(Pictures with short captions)
--- START ---

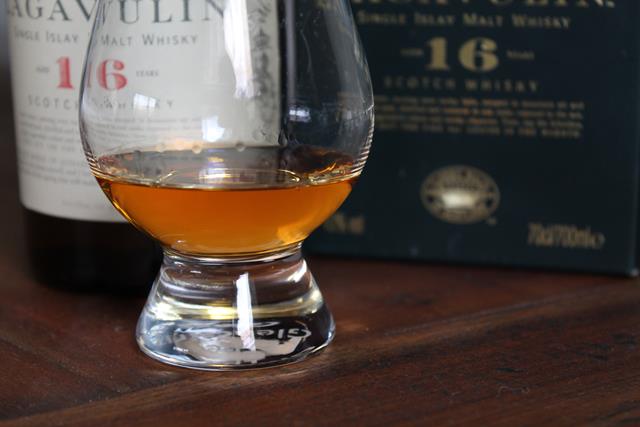 Lagavulin 16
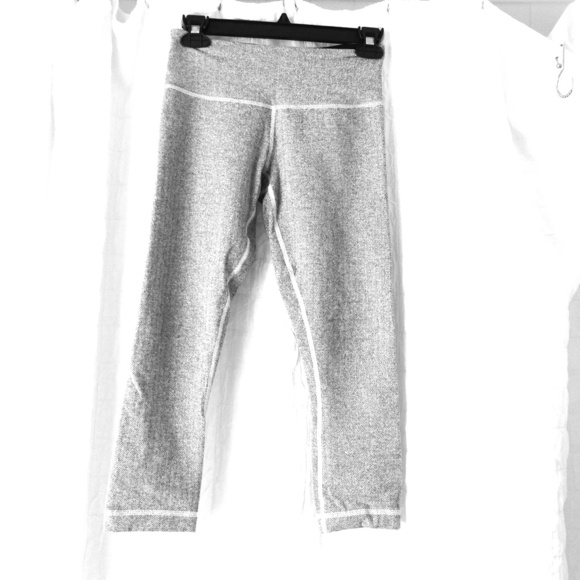Sold out gray lululemon crop wunderunder leggings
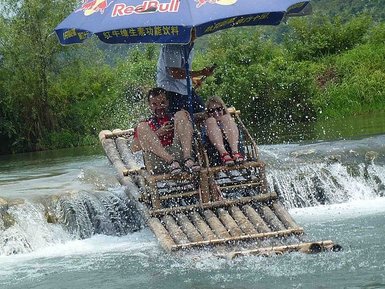 Wasserspaß während einer Bambusfloßfahrt auf dem Yulong-Fluss – China Reise mit Kindern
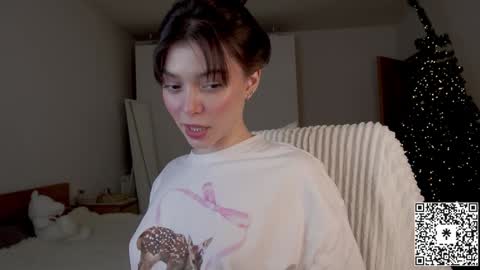 Snapshot of lilyewing_ chatting on 12-23-24, 05:22 Lily online show from 12-23-24, 05:22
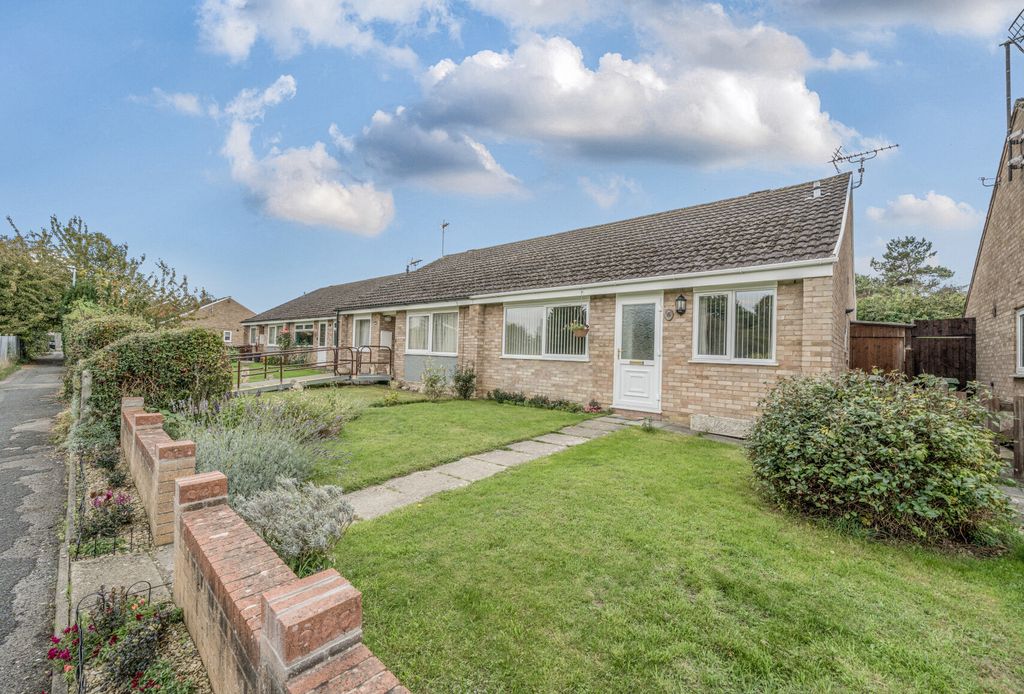 Property photo 1 of 13 1362174-5-68Debbe...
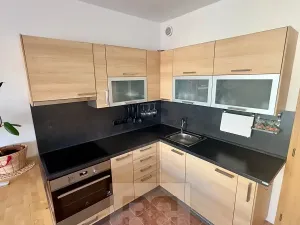 Pronájem bytu 1+kk, Praha - Uhříněves, U uhříněveské obory, 32 m2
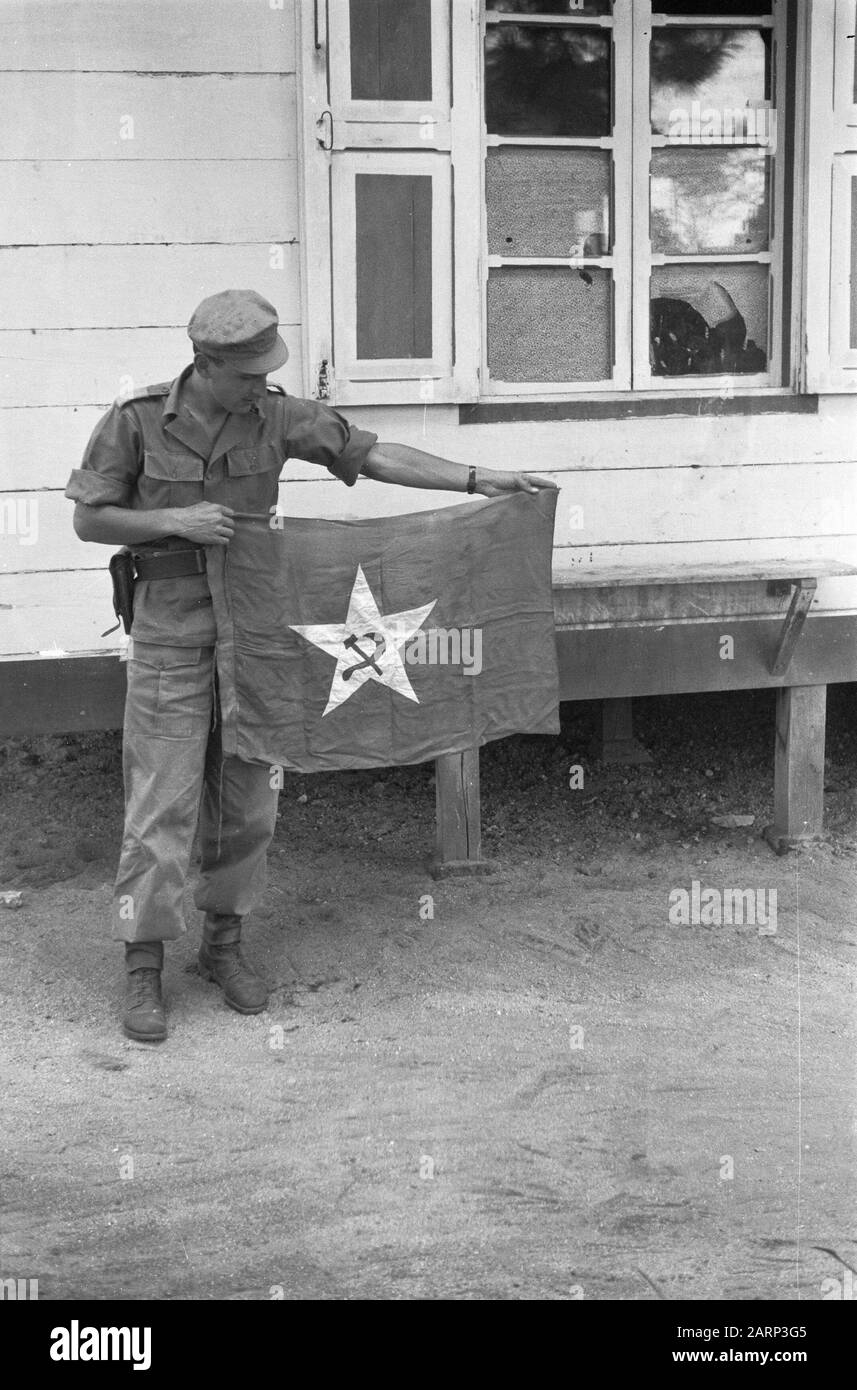 Visite à Sidikalang De l'une des maisons de Sidikalang un drapeau communiste avec marteau et faucille a été pris. Le deuxième lieutenant Hemelaar de Rotterdam le répand ici Date: 14 janvier 1949 lieu: Indonésie, Antilles néerlandaises de l'est Banque D'Images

--- END ---

* PROBLEM DETAILS
Nothing but the lines from the one that contains "Snapshot of lilyewing_" through the last line of the records belongs in the answer, reproduced exactly, with no pictures.

* EXERCISE SOLUTION
 Snapshot of lilyewing_ chatting on 12-23-24, 05:22 Lily online show from 12-23-24, 05:22
 Property photo 1 of 13 1362174-5-68Debbe...
 Pronájem bytu 1+kk, Praha - Uhříněves, U uhříněveské obory, 32 m2
 Visite à Sidikalang De l'une des maisons de Sidikalang un drapeau communiste avec marteau et faucille a été pris. Le deuxième lieutenant Hemelaar de Rotterdam le répand ici Date: 14 janvier 1949 lieu: Indonésie, Antilles néerlandaises de l'est Banque D'Images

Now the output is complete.